Enfin, la société Transac a délivré le 2 février 2022 une assignation devant le tribunal judiciaire de la Rochelle à Monsieur [B], pour réclamer directement à celui-ci le paiement de la clause pénale insérée au mandat de recherche : il s’en déduira de plus fort l’absence d’acceptation, par la société Transac, de la novation alléguée de débiteur qu’elle soutient désormais.
Il en sera déduit que la société l’Ile aux Marais n’a pas repris les engagements de Monsieur [B], qui est le seul à pouvoir en répondre.
Il ressort de ces éléments que la demande en paiement au titre de la clause pénale insérée dans le mandat de recherche liant Monsieur [B] et la société Transac, dirigée par celle-ci contre la société l’Ile aux Marais est irrecevable: le jugement sera infirmé de ce chef.
Sur l’abus de procédure :
Seule l’intention dolosive ou malicieuse, ou l’erreur grossière équivalente au dol, fait dégénérer en abus le droit d’ester en justice.
En l’espèce, l’erreur de la société Transac quant à l’existence de son droit, aussi importante soit-elle, ne caractérise pas suffisamment une telle erreur ou intention, et ce d’autant plus qu’elle a triomphé en première instance.
La société l’Ile aux Marais sera déboutée de sa demande indemnitaire pour procédure abusive, et le jugement sera confirmé de ce chef.
* * * * * *
Il y aura lieu de rappeler que le présent arrêt vaudra titre de restitution des sommes allouées en exécution du jugement déféré.
Le jugement sera infirmé en ce qu’il a condamné la société l’Ile aux Marais aux dépens de première instance et à payer à la société l’Ile aux Marais la somme de 2000 euros au titre des frais irrépétibles de première instance, en la déboutant de sa demande au même titre.

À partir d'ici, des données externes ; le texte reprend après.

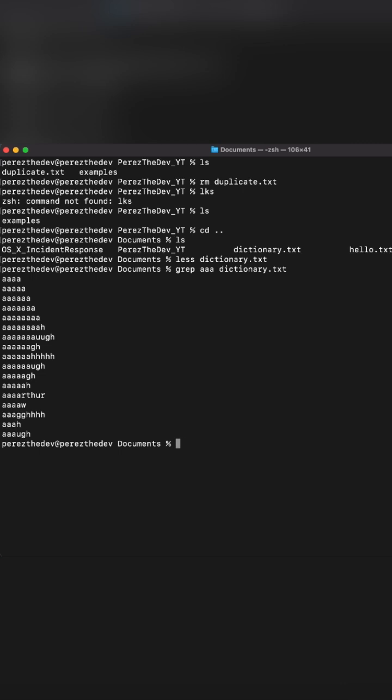And then, of course, we have the man command, which allows us to access documentation for further Unix commands.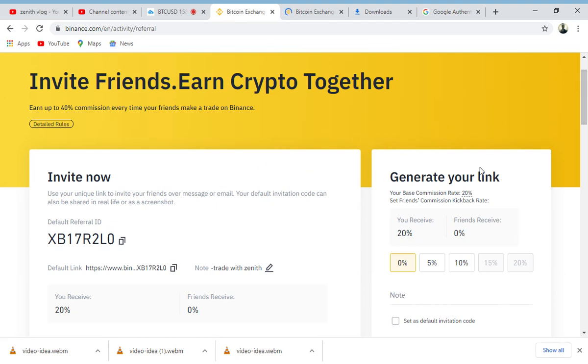My referral link is in the description. If you use my referral link, you can also get my WhatsApp number and you can hit me anytime you have issues. I'm going to reply to you and show you how it's done.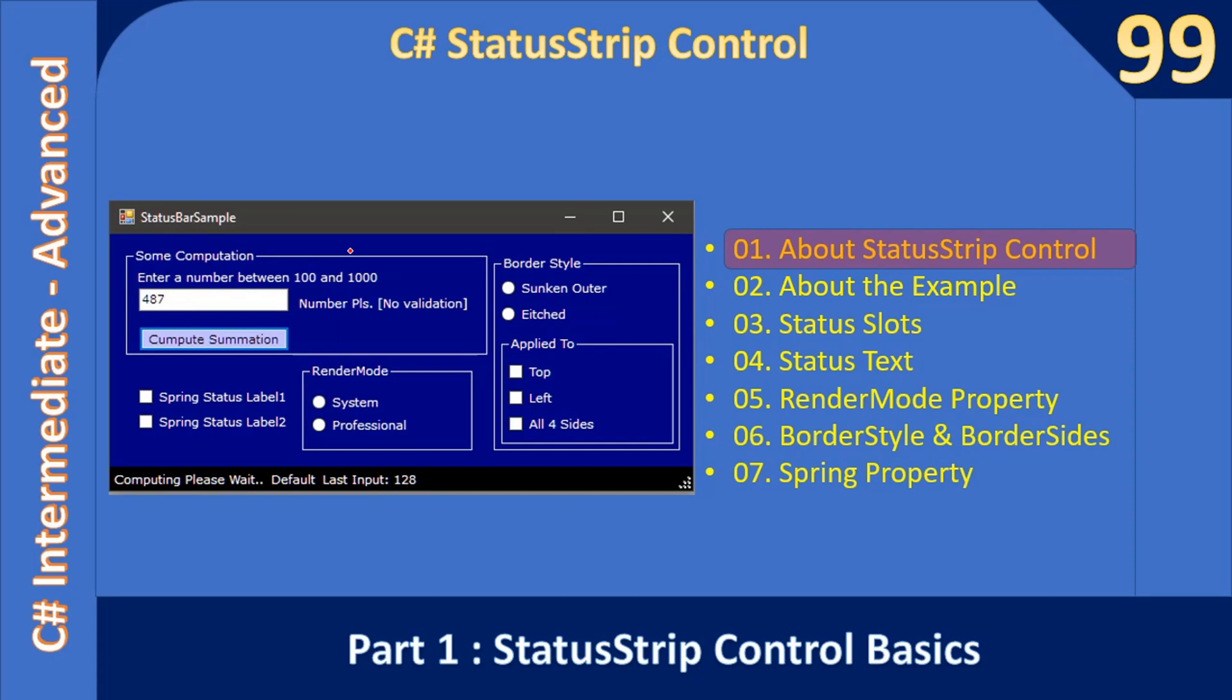Hello friends, welcome to C# Intermediate to Advanced Tutorial. We are starting a new sub-series on C# StatusStrip Control. Here you are seeing a C# StatusStrip control which displays status information. In this video, we are going to learn the basics of C# StatusStrip control.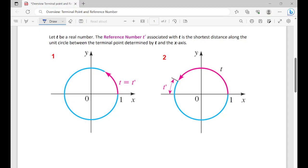If we start at (1, 0) and go all the way around into quadrant two and stop there, the shortest distance to the x-axis is our reference number t prime. It is always the shortest distance back to the x-axis.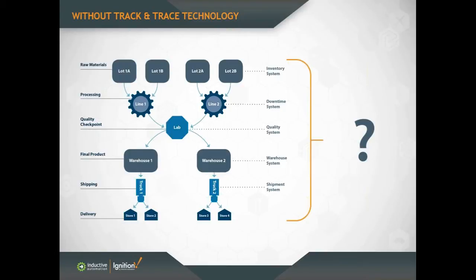If you just think about a simple thing, imagine that a company is forced to recall some defective products. If they're using paper instead of track and trace technology, the process of narrowing down the root cause of the defective product will be arduous, time-consuming, and prone to error at many points.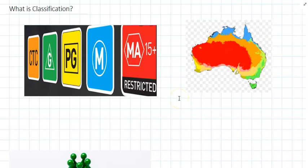So this topic is all about classification, but what actually is classification? What does it mean?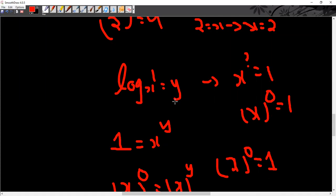This answer will be x to the power 0 is equal to 1. What do I take in x to the power 0? We have said y is to be found. So x to the power 0 would be equal to 1.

La société Transac sera déboutée de sa demande au titre des frais irrépétibles des deux instances,
La société Transac sera condamnée aux entiers dépens des deux instances et à payer à la société l’Ile aux Marais la somme de 4000 euros au titre des frais irrépétibles des deux instances.
PAR CES MOTIFS:
La cour,
statuant publiquement, par arrêt contradictoire, et après en avoir délibéré conformément à la loi,
Infirme le jugement déféré en toutes ses dispositions, sauf en ce qu’il a débouté la société à responsabilité limitée L’Ile aux Marais de sa demande de dommages-intérêts pour procédure abusive ;
Confirme le jugement déféré de ce seul chef ;
Statuant à nouveau dans cette limite et y ajoutant :
Déclare irrecevable la demande de la société à responsabilité limitée Transac Pme à l’encontre de la société à responsabilité limitée L’Ile aux Marais ;
Rappelle que le présent arrêt vaudra titre de restitution des sommes allouées en exécution du jugement déféré ;
Déboute la demande de la société à responsabilité limitée Transac Pme de sa demande au titre des frais des frais irrépétibles de première instance et d’appel ;
Condamne la société à responsabilité limitée Transac Pme aux entiers dépens de première instance et d’appel et à payer à la société à responsabilité limitée L’Ile aux Marais la somme de 4000 euros des frais irrépétibles de première instance et d’appel.